◆ **What you have to do**:
All that is wanted is the line with "Gembird silikónová klávesnica, USB" and each line after it to the end of the data below, set down exactly and without pictures.

◆ **Stored data**:
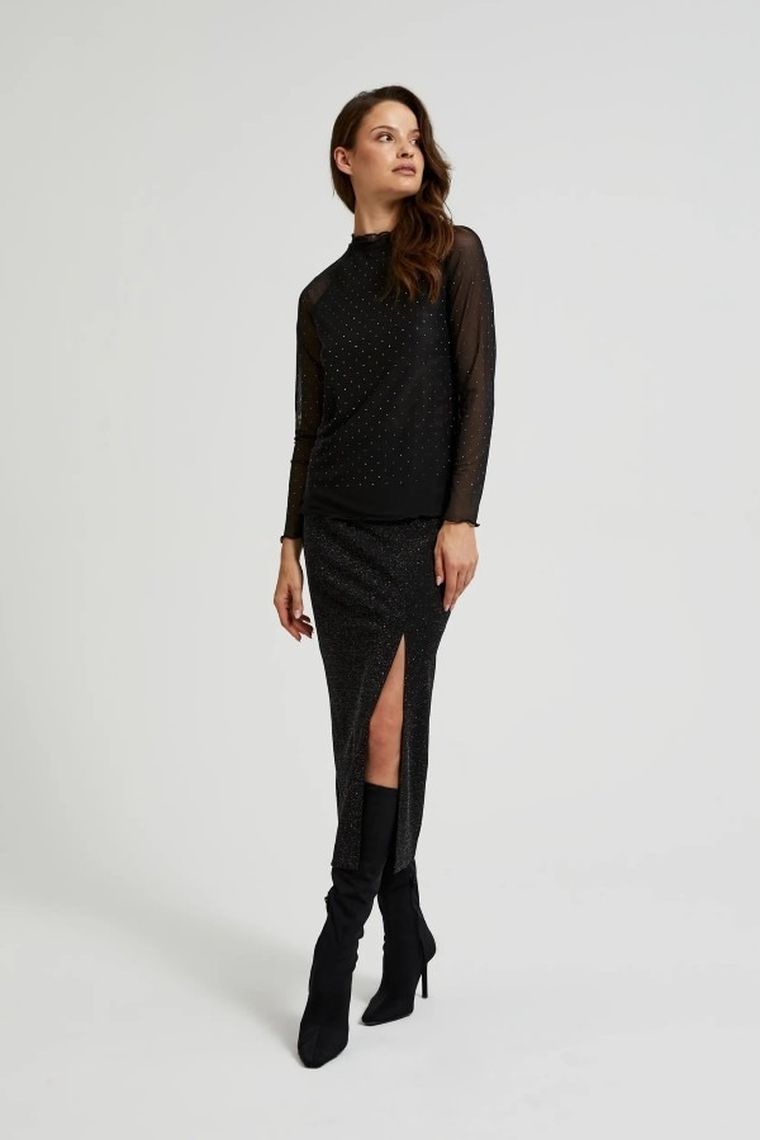 Bluzka damska z długim rękawem, czarna, Moodo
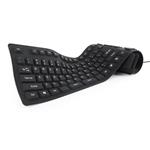 Gembird silikónová klávesnica, USB + PS/2 combo, čierna, US rozloženie kláves KB-109F-B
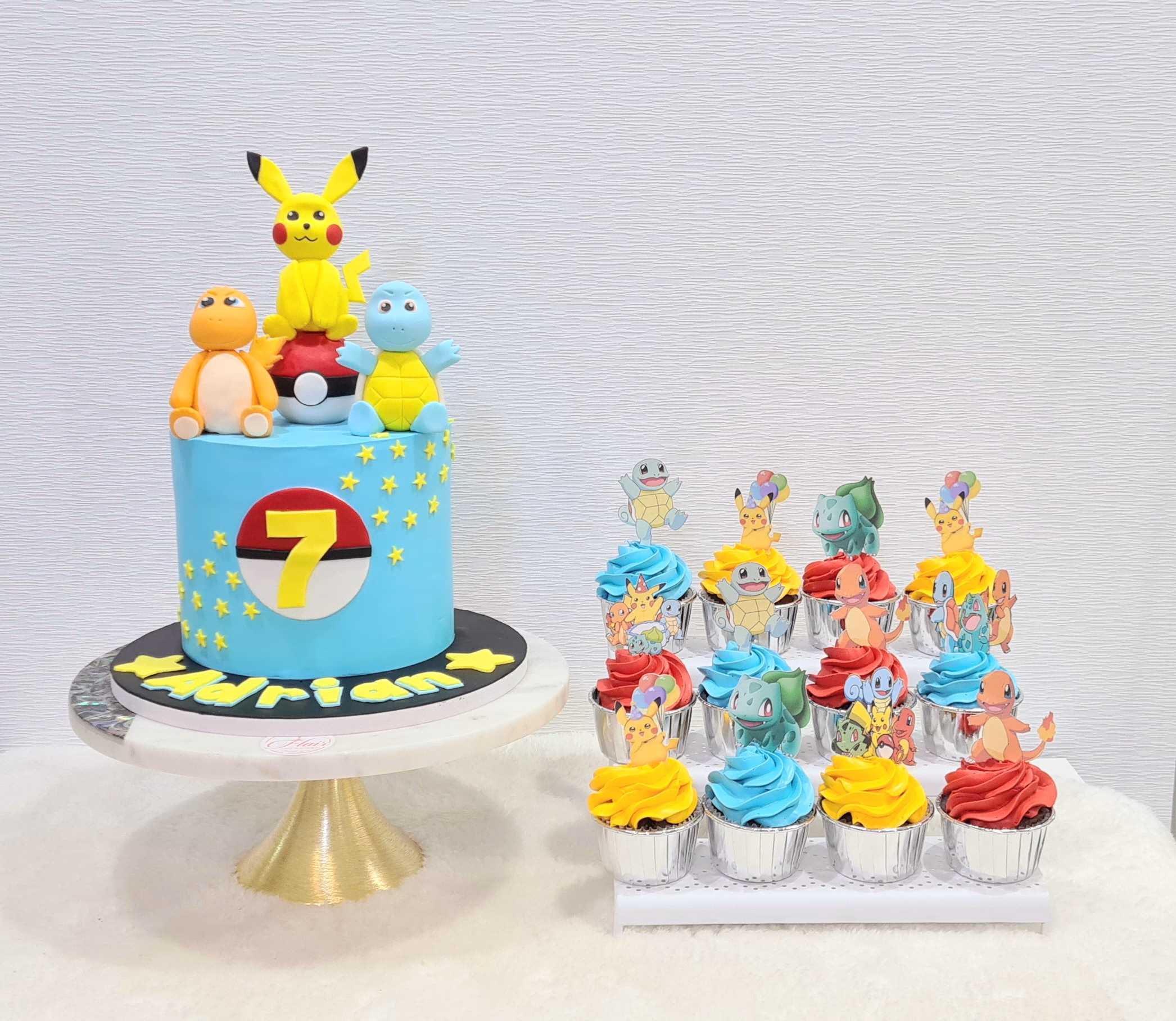 1-Tier Pokemon Cake + 12 Cupcakes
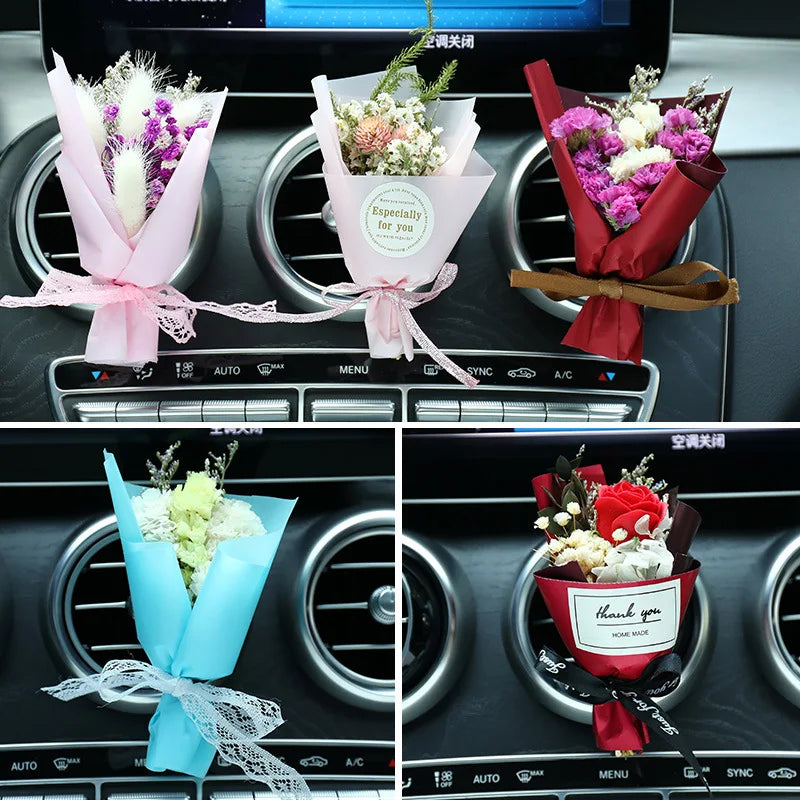 Mini Rose Bouquet Car Air Vent Clip Creative Flowers Mini Bouquet Car Perfume Air Freshener Ornament Car Accessories Interior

◆ **Response to the exercise**:
 Gembird silikónová klávesnica, USB + PS/2 combo, čierna, US rozloženie kláves KB-109F-B
 1-Tier Pokemon Cake + 12 Cupcakes
 Mini Rose Bouquet Car Air Vent Clip Creative Flowers Mini Bouquet Car Perfume Air Freshener Ornament Car Accessories Interior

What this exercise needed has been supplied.